What to produce:
Every line of the entries below that carries the string "There" should be copied.
---------- Records for this exercise
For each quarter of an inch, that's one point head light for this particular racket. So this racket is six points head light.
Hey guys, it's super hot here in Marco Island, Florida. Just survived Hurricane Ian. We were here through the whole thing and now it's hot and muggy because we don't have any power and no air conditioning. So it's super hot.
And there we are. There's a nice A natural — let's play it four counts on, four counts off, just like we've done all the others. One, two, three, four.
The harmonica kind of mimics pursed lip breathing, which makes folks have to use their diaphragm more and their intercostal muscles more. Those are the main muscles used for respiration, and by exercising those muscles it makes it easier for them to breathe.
--------------------
---------- Records for this exercise
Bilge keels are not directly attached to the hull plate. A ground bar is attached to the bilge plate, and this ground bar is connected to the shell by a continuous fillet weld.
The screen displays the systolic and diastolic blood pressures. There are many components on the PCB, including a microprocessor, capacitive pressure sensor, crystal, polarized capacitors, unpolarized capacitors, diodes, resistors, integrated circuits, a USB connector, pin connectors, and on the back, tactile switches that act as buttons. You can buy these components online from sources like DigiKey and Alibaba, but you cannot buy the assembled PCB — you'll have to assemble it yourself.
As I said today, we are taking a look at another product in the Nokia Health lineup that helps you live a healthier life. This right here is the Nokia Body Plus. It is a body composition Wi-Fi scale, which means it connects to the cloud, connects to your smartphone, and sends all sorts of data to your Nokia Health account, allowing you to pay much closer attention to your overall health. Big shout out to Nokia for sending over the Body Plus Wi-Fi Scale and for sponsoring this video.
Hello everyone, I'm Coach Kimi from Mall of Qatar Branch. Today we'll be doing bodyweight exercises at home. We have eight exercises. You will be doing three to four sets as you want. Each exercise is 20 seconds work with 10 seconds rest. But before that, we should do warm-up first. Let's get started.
--------------------
---------- Records for this exercise
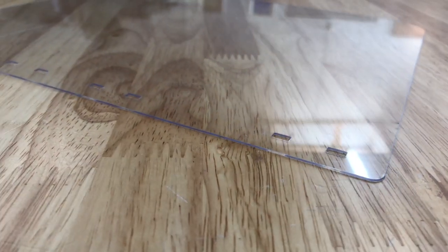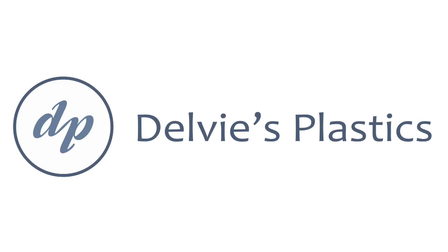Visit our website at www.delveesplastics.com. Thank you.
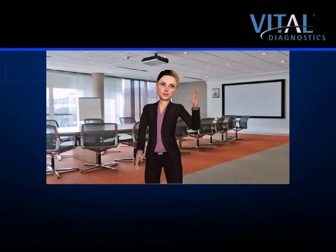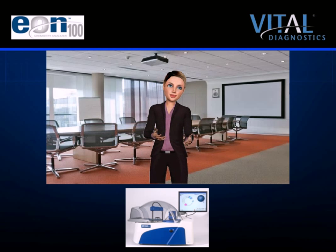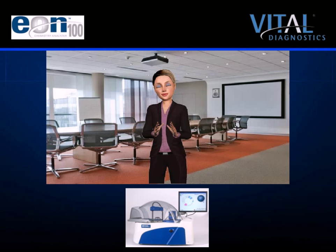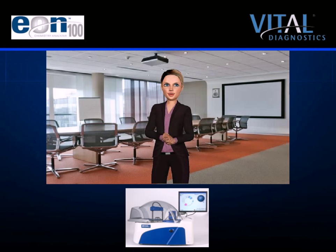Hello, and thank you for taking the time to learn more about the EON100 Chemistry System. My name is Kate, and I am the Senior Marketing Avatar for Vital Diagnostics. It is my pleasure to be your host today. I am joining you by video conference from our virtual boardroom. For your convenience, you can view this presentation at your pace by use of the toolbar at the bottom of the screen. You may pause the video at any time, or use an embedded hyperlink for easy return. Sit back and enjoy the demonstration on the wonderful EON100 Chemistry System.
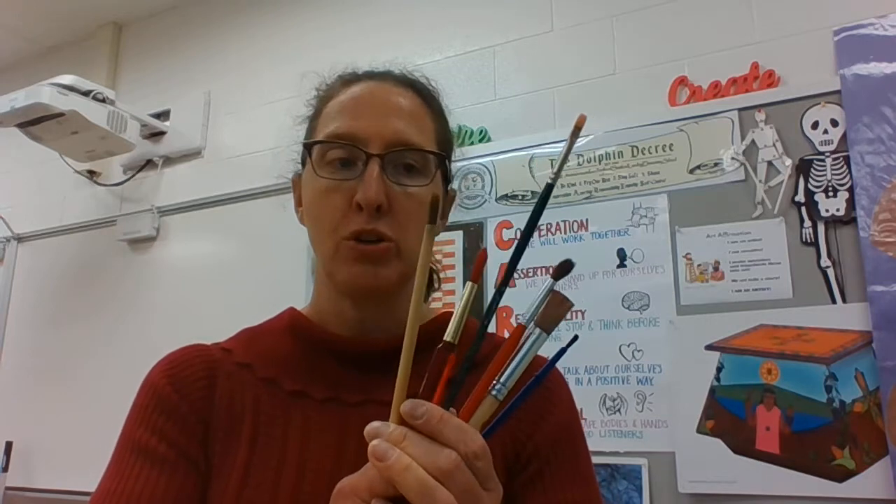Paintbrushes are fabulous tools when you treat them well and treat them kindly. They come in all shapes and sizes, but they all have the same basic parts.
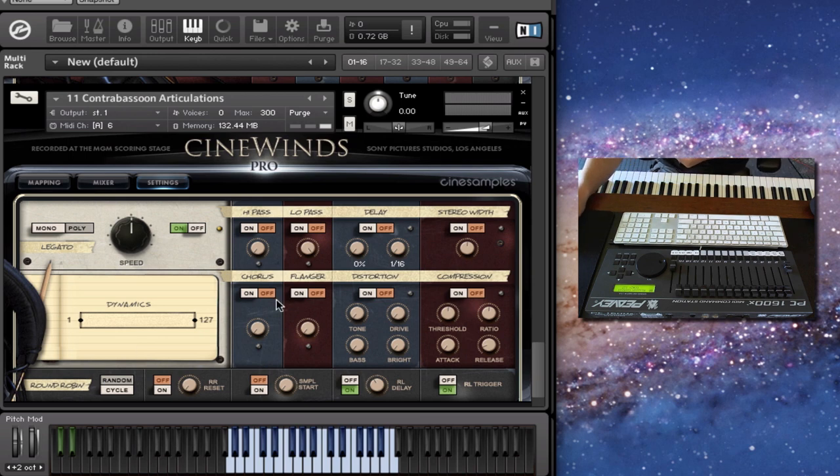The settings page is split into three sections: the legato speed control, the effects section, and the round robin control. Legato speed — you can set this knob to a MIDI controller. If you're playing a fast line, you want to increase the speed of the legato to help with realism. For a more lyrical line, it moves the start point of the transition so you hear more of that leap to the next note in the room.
--------------------
Result:
And there we are. There's a nice A natural — let's play it four counts on, four counts off, just like we've done all the others. One, two, three, four.
The screen displays the systolic and diastolic blood pressures. There are many components on the PCB, including a microprocessor, capacitive pressure sensor, crystal, polarized capacitors, unpolarized capacitors, diodes, resistors, integrated circuits, a USB connector, pin connectors, and on the back, tactile switches that act as buttons. You can buy these components online from sources like DigiKey and Alibaba, but you cannot buy the assembled PCB — you'll have to assemble it yourself.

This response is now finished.